Work to complete: Write out each record below exactly, without pictures.

The data:
%%

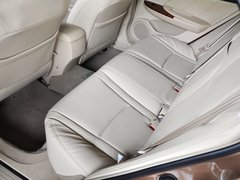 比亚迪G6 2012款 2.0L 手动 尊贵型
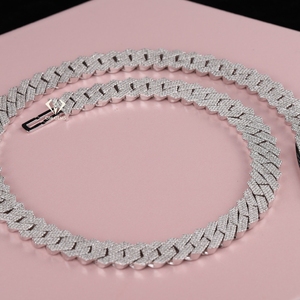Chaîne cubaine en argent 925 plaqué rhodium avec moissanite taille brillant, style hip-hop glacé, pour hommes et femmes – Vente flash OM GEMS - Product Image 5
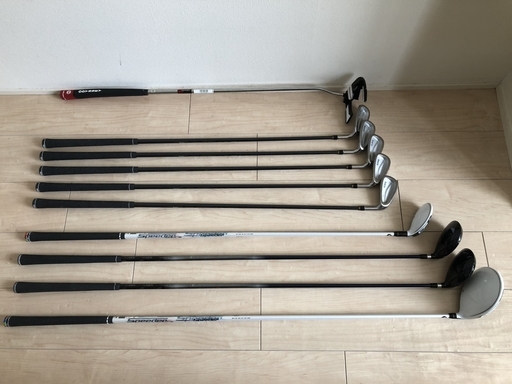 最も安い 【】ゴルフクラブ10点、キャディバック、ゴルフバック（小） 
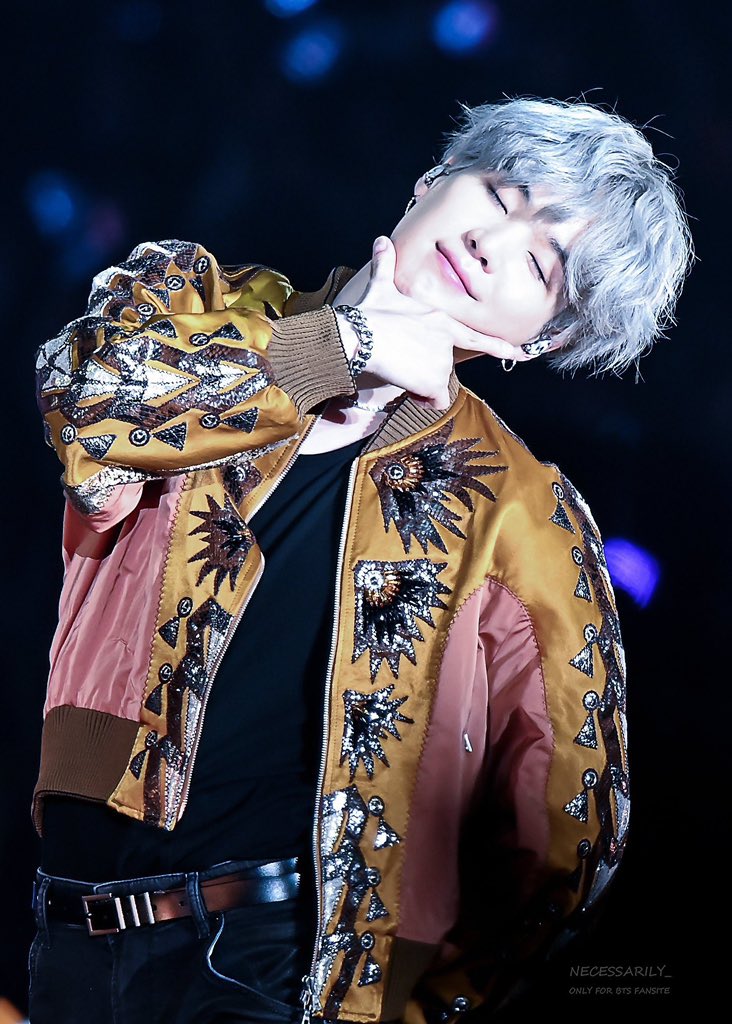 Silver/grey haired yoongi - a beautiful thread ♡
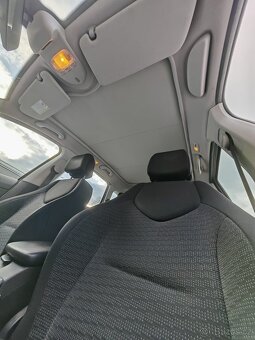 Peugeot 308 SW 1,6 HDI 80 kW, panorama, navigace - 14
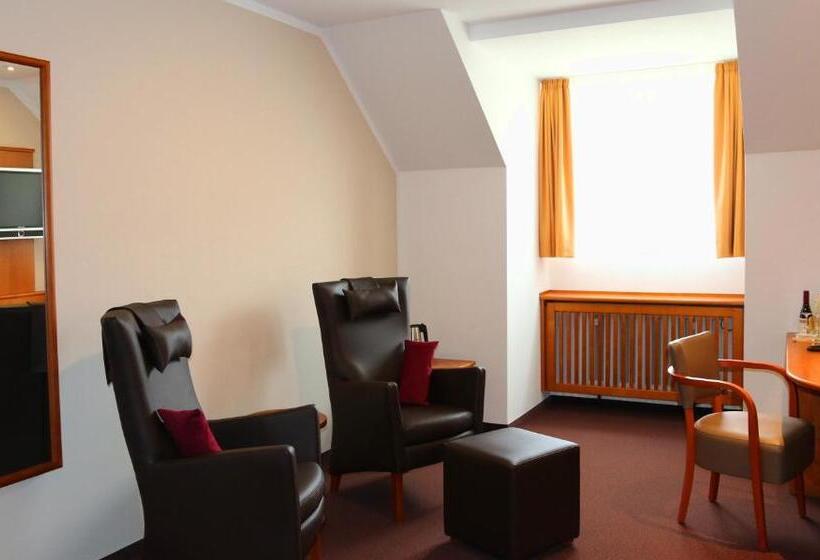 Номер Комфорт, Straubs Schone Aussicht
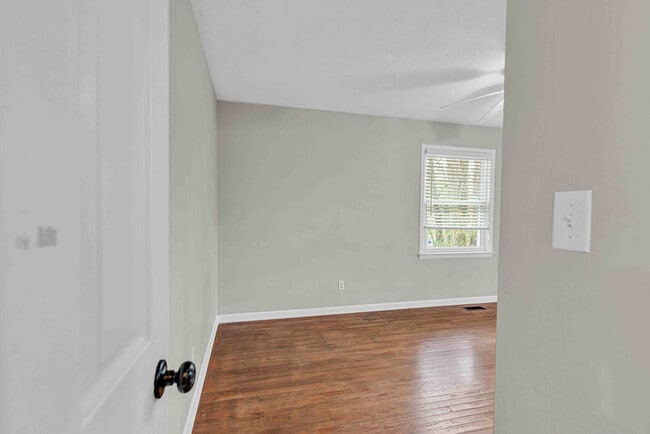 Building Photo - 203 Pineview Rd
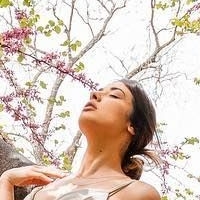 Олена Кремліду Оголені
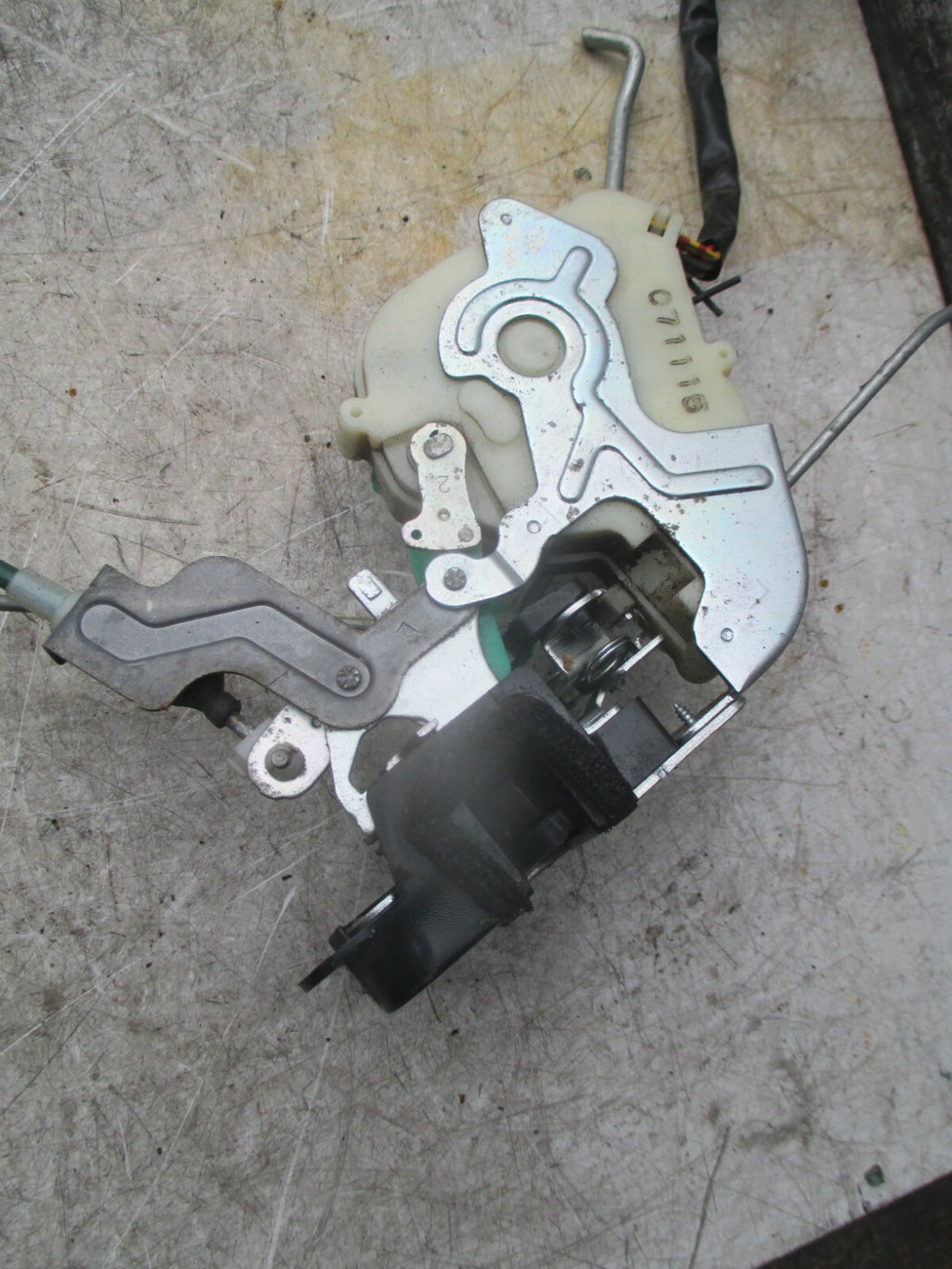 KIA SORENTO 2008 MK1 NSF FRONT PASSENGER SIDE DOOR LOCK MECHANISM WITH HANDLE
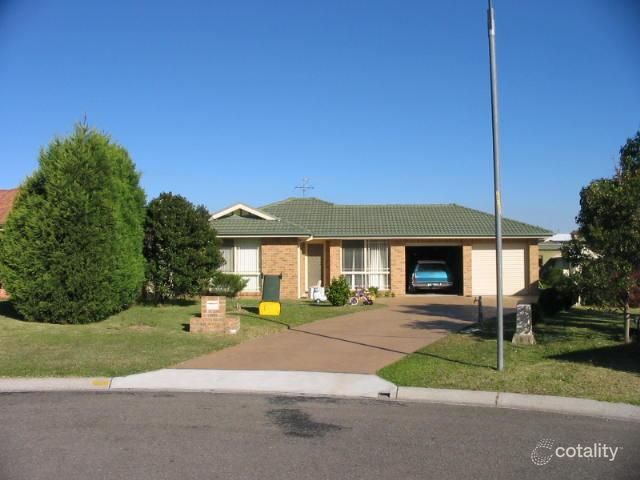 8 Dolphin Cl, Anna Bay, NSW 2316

%%

Task solution:
 比亚迪G6 2012款 2.0L 手动 尊贵型
Chaîne cubaine en argent 925 plaqué rhodium avec moissanite taille brillant, style hip-hop glacé, pour hommes et femmes – Vente flash OM GEMS - Product Image 5
 最も安い 【】ゴルフクラブ10点、キャディバック、ゴルフバック（小） 
 Silver/grey haired yoongi - a beautiful thread ♡
 Peugeot 308 SW 1,6 HDI 80 kW, panorama, navigace - 14
 Номер Комфорт, Straubs Schone Aussicht
 Building Photo - 203 Pineview Rd
 Олена Кремліду Оголені
 KIA SORENTO 2008 MK1 NSF FRONT PASSENGER SIDE DOOR LOCK MECHANISM WITH HANDLE
 8 Dolphin Cl, Anna Bay, NSW 2316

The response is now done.